- INSTRUCTIONS TO FOLLOW
Your answer must consist of exactly the lines below, starting with the line with "Capsule Art Déco, gîte" and going on through the line with "Perempuan berseragam Tapak Suci Muhammadiyah", and nothing else.

──────── RECORDED INFORMATION ────────

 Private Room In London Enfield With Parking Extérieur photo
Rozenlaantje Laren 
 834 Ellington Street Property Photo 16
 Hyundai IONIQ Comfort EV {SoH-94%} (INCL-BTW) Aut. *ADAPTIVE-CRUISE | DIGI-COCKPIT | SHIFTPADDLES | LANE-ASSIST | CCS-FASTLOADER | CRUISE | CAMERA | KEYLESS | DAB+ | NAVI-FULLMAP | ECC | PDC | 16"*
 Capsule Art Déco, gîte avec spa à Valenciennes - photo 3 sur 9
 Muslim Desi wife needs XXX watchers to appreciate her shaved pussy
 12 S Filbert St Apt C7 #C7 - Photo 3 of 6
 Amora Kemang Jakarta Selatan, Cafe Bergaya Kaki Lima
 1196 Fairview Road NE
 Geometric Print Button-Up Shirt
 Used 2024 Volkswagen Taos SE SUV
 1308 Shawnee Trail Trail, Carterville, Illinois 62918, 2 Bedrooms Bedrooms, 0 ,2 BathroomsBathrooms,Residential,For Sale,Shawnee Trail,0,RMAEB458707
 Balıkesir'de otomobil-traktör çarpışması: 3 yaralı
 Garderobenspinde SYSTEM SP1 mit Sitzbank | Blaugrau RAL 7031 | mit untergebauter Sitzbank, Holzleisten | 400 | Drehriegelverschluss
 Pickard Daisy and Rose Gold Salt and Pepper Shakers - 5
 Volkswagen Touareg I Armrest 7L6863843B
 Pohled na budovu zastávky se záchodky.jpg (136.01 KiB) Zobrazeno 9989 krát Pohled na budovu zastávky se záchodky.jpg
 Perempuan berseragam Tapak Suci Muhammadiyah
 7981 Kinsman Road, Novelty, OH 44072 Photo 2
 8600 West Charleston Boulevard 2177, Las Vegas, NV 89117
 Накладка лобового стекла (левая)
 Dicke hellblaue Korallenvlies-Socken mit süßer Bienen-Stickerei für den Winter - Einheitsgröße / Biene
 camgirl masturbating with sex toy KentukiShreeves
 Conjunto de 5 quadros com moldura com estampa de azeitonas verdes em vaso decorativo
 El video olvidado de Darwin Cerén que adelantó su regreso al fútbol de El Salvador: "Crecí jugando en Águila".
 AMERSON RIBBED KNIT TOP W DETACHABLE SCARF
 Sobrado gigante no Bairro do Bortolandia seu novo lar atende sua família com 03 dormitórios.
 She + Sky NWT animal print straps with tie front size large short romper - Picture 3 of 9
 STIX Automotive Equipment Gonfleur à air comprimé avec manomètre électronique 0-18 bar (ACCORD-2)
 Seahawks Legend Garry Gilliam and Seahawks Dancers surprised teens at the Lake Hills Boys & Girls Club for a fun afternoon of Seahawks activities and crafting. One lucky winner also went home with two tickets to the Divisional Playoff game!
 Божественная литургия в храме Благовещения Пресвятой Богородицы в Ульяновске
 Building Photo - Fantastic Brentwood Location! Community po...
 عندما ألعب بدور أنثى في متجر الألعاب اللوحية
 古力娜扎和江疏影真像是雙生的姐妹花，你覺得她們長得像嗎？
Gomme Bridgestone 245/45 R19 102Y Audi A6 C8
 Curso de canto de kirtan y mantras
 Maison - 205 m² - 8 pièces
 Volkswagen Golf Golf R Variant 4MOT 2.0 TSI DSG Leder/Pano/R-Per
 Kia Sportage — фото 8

────────

- WRITTEN SOLUTION
 Capsule Art Déco, gîte avec spa à Valenciennes - photo 3 sur 9
 Muslim Desi wife needs XXX watchers to appreciate her shaved pussy
 12 S Filbert St Apt C7 #C7 - Photo 3 of 6
 Amora Kemang Jakarta Selatan, Cafe Bergaya Kaki Lima
 1196 Fairview Road NE
 Geometric Print Button-Up Shirt
 Used 2024 Volkswagen Taos SE SUV
 1308 Shawnee Trail Trail, Carterville, Illinois 62918, 2 Bedrooms Bedrooms, 0 ,2 BathroomsBathrooms,Residential,For Sale,Shawnee Trail,0,RMAEB458707
 Balıkesir'de otomobil-traktör çarpışması: 3 yaralı
 Garderobenspinde SYSTEM SP1 mit Sitzbank | Blaugrau RAL 7031 | mit untergebauter Sitzbank, Holzleisten | 400 | Drehriegelverschluss
 Pickard Daisy and Rose Gold Salt and Pepper Shakers - 5
 Volkswagen Touareg I Armrest 7L6863843B
 Pohled na budovu zastávky se záchodky.jpg (136.01 KiB) Zobrazeno 9989 krát Pohled na budovu zastávky se záchodky.jpg
 Perempuan berseragam Tapak Suci Muhammadiyah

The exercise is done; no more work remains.